OK. Here are 4th Corps operations in East Pakistan that led to the surrender of Dacca. Now that you all understand Operational Art see how it was done in East Pakistan by Lt Gen Sagat Singh.

Link: http://veekay-militaryhistory.blogspot. ... 4.html?m=1
The task of liberating Bangla Desh, then called East Pakistan, was given to Lieut General Jagjit Singh Aurora, GOC-in-C Eastern Command. Under him, he had 2 Corps, commanded by Lieut General (later General) T.N. Raina; 33 Corps, commanded by Lieut General M.L. Thapan; 4 Corps, commanded by Lieut General Sagat Singh; and 101 Communication Zone Area, commanded by Major General G.S. Gill. The terrain in Bangla Desh was riverine, which favours the defender. The rivers were interspersed with rice fields and marshes, which made cross country movement very difficult, especially after the monsoons. Major troop movements had to be confined to the roads, and ferries or bridges over the rivers, if defended, or destroyed, could hold up advancing columns for long periods. Inland water transport was also used, for transportation of goods. Pakistan had three infantry divisions, comprising about 42 battalions of regular troops, and five squadrons of armour, for the defence of the region, and more than 2000 kilometres of border. Lieut General A.A.K. Niazi, who was commanding the Eastern Command of the Pakistan Army, had appreciated that the Indian advance would have to be along the major road axes, and had deployed his troops accordingly. Strong points had been created along the likely axes, and it was visualised that unless these were cleared, the advancing enemy could make little headway. This proved to be a costly mistake.
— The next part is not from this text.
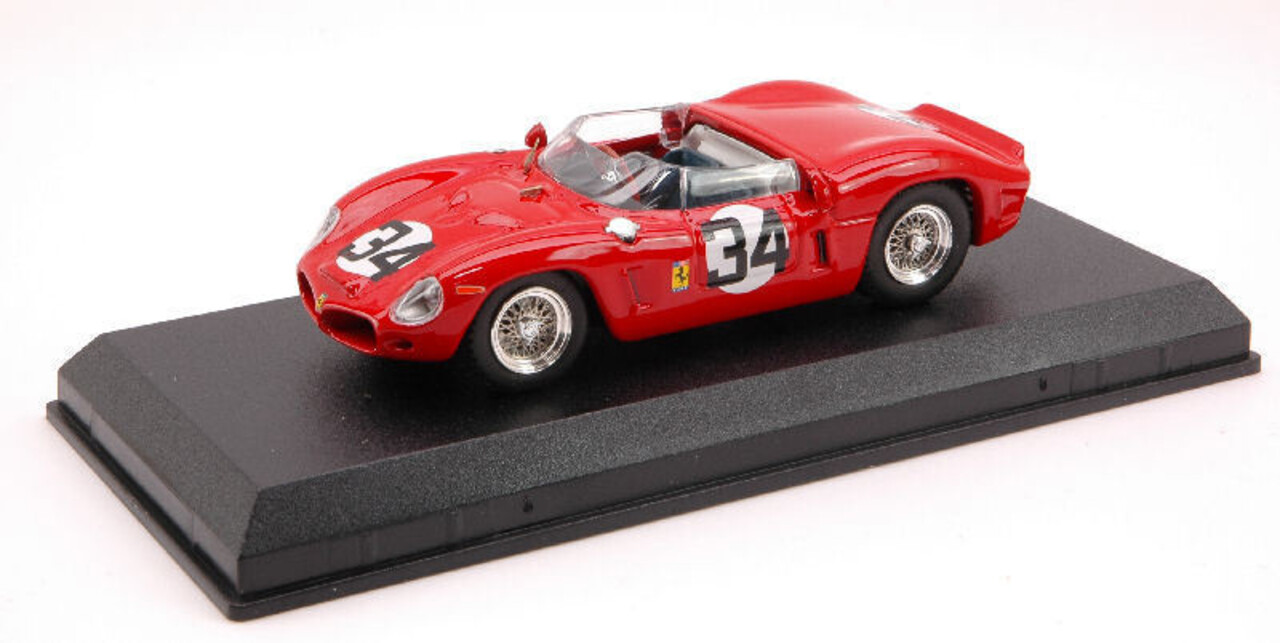 Ferrari Ferrari Dino 246SP #34 Sebring (USA) 1962- 1:43 - Art Model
The territory in East Pakistan is divided by major riverine obstacles into four distinct parts. The first part comprised all territory East of the Meghna river, including Sylhet, Brahman Baria, Comilla , Noakhali, Chittagong and Cox's Bazaar; the second comprised the territory between the rivers Jamuna (Brahmputra) to the East and Padma (Ganges) to the West, including Rangpur, Bogra and Rajashahi; the third comprised territory West of the Padma, including Kushtia, Jessore and Khulna; and the fourth was the Dacca Bowl, surrounded by rivers on all sides - the mighty Meghna and Lakhaya to the East, the confluence of Meghna and Padma to the South, Padma and Burhi Ganga to the West, and a branch of the Jamuna, which joins the Meghna, to the North. Due to its geostrategic importance, Dacca had always been chosen as the capital by successive kingdoms.


The task allotted to Eastern Command by Army HQ was to destroy the bulk of Pakistani forces in the theatre, and occupy the major portion of East Pakistan. The capture of Dacca was not included in these instructions. Based on this, Eastern Command evolved its operational plan, and allotted tasks to its subordinate formations. 2 Corps was given the task of advancing from the West and capturing all territory West of the river Padma; 33 Corps was to advance from the North West and capture all territory upto the confluence of the Padma and the Jamuna; and 4 Corps was to advance from the East, and capture all territory East of the river Meghna. The task of capturing the area of Mymensingh, between the Meghna and Jamuna rivers, was allotted to 101 Communication Zone Area.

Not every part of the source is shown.